Tuesday, September 7, 2010

An Artistic Style Originated by a Woman....

In a previous blog, I mentioned an Italian woman, Rosalba Carriera (1675-1757), who was a famous pastel painter. Her fame is even greater than pastel for she is considered the first woman in history to initiate a new style of art. At the time, it was called goût moderne. Today, we refer to the style as "rococo."

Carriera was born in Venice to a government clerk and a lace maker. Her early works were lace patterns, but sometime later she began painting miniature portraits for snuffboxes. The beauty of her miniatures and the loose, spontaneous brushstroke of this new style led to fame and acceptance at the very highest levels. In addition to creating a style of painting, there were many more "firsts" from this talented and innovative artist.

She painted finished portraits with pastels on paper - at a time when pastels were considered ideal for sketching only. She promoted the use of tempera on ivory instead of using vellum. She was such a good artist that she was accepted into the French Royal Academy even though it had previously banned women. She made a very fine living from the commissions she received from monarchy, wealthy patrons and collectors throughout Europe - allowing her to be the sole support of her self, her mother and her unmarried sister. Needless to say, she inspired many other women artists.

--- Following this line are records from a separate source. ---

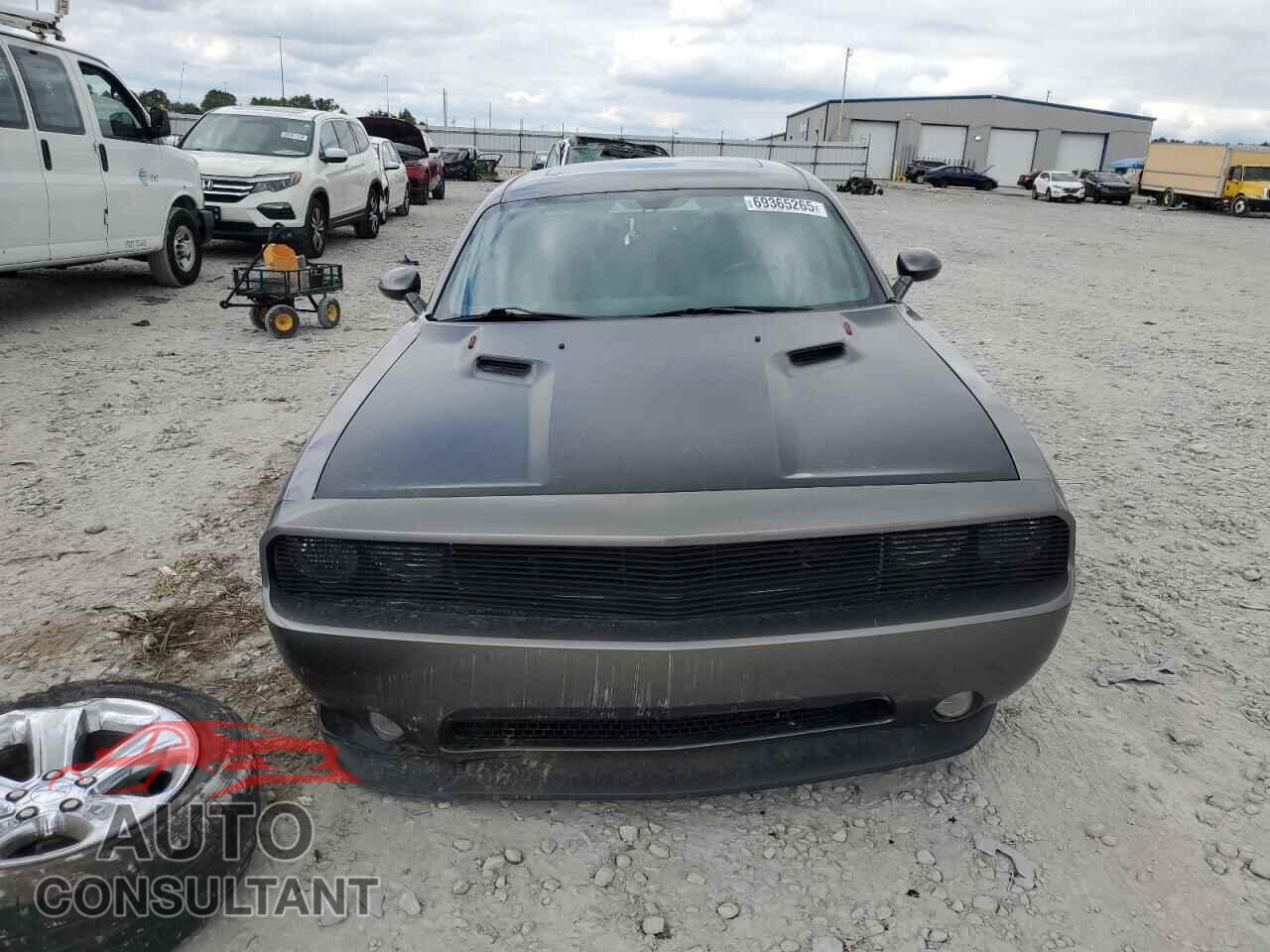 DODGE CHALLENGER 2012 - 2C3CDYAG3CH106183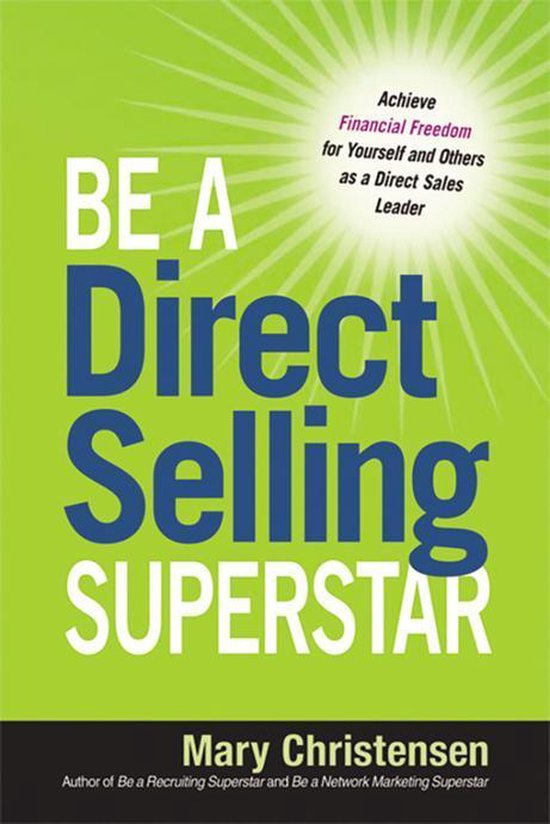 Be a Direct Selling Superstar - cover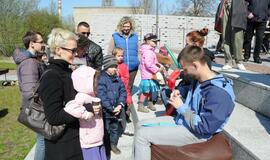 Klaipėdiečiai ragavo "patiekalus kito mamai"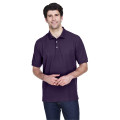 Men's Pima Pique Short-Sleeve Polo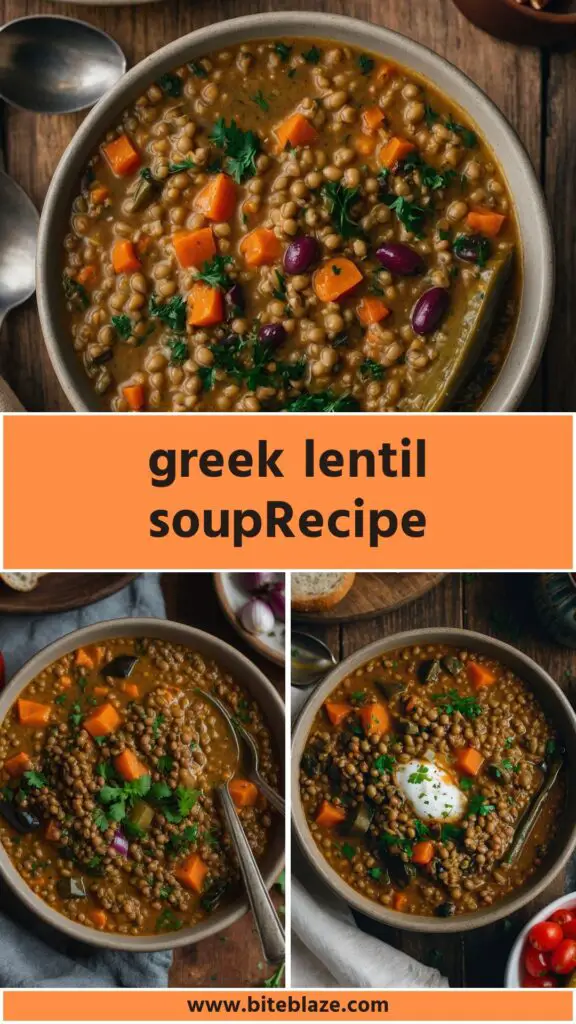 greek lentil soup Recipe greek lentil soup Recipe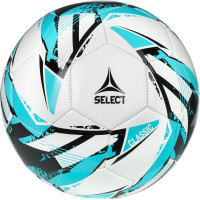 М'яч футбольний Select Classic v26 099380-001 №5, білий-синій, код: 5703543460281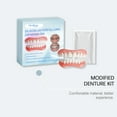 thumbnail image 4 of Juego de dentaduras postizas modificadas Oralhoe, 4 of 14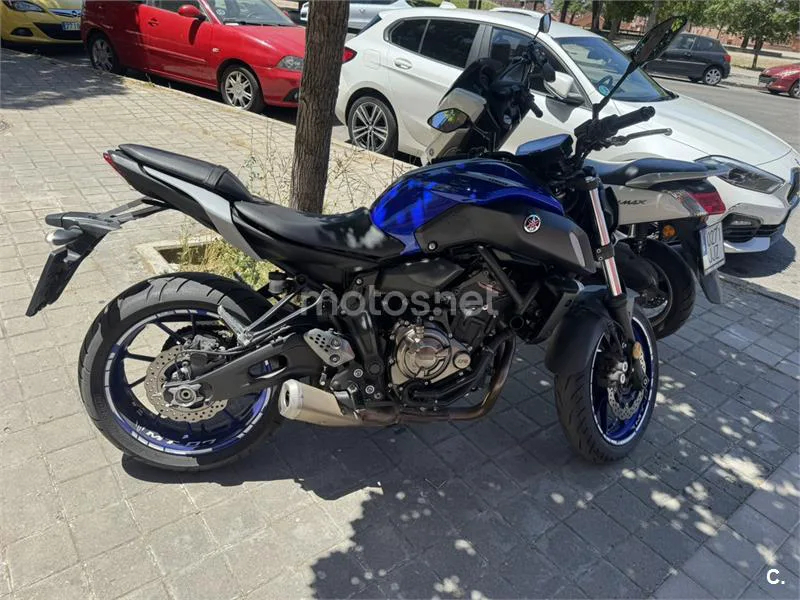 Yamaha MT-07 5550 € 2020 Madrid - 2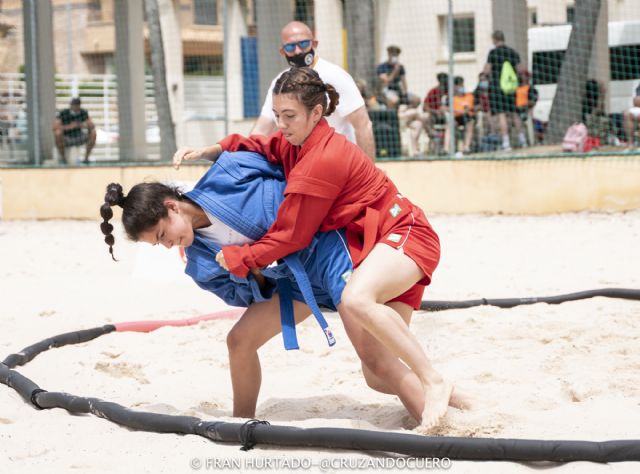 Campeonatos de Espaa de Lucha y Sambo Playa - 4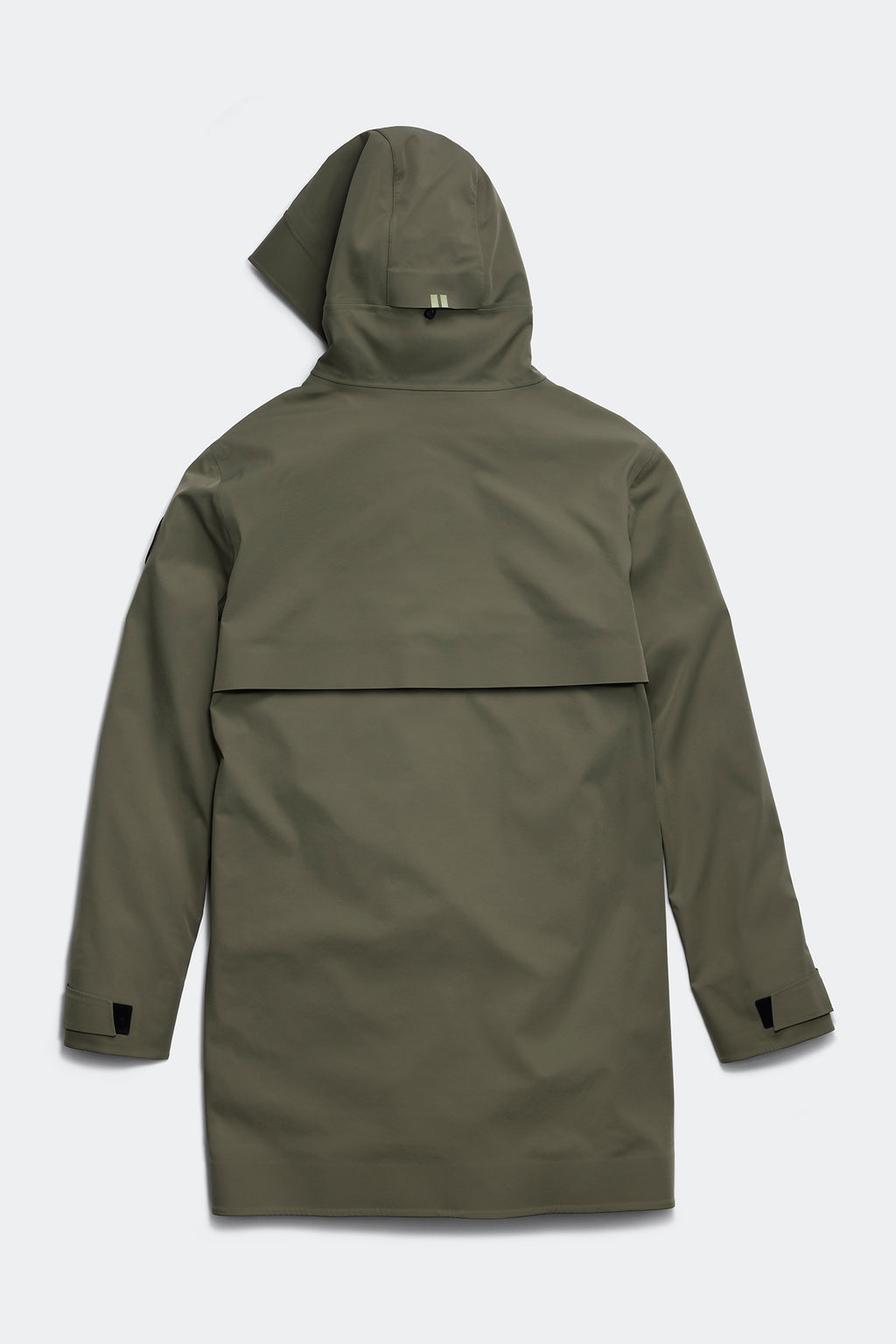 Barclay Rain Jacket Black Label (Men) - Smokey Sage - Image 8
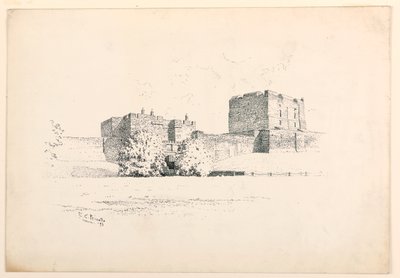 The Castle of Carlisle by Ernest Clifford Peixotto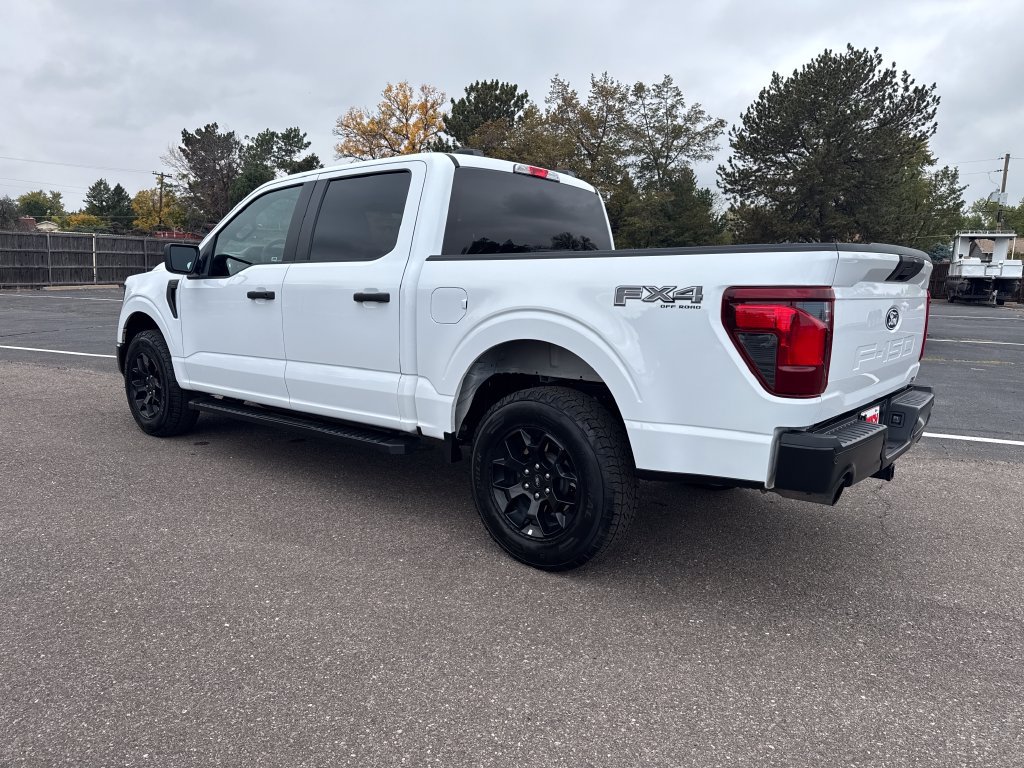Used 2024 Ford F150 STX w/ Equipment Group 201A FX4 AWD/4WD image 3
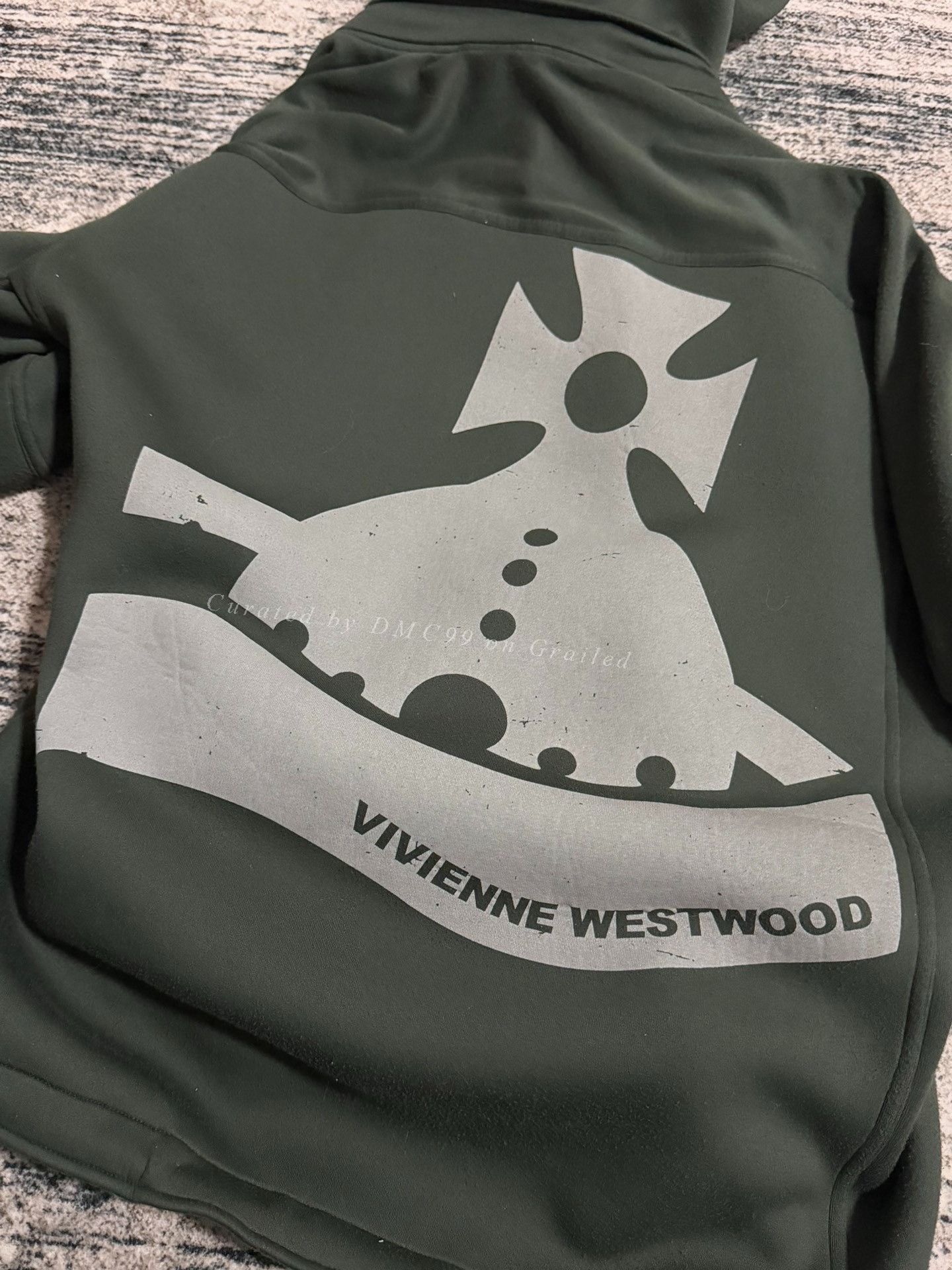 Vivienne Westwood Vivienne Westwood 08-09 Milan Man Hoodie Sample Size US L / EU 52-54 / 3 - 3 Thumbnail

Here is a quote from a website regarding one of her paintings:

"... artist Rosalba Carriera is credited with winning respect from the art establishment and favor in the courts for pastel portraiture. Her delicate handling of the pastel medium beautifully captured the Rococo rage for pretty powdered faces and flowing fabrics. In A Young Lady with a Parrot, Carriera used a “dry-brush” technique, dragging her pastel lightly over a contrasting color, to suggest the gauzy material draped across the young lady and clear, wet-chalk accents to realize the lady’s floral hairpiece and jewelry."

Did you know of Carriera? Studied her works? Any pastelists care to comment?


  1. Hey, thanks for the info. I don't think I've ever heard of her. That's interesting when one considers how well known she was.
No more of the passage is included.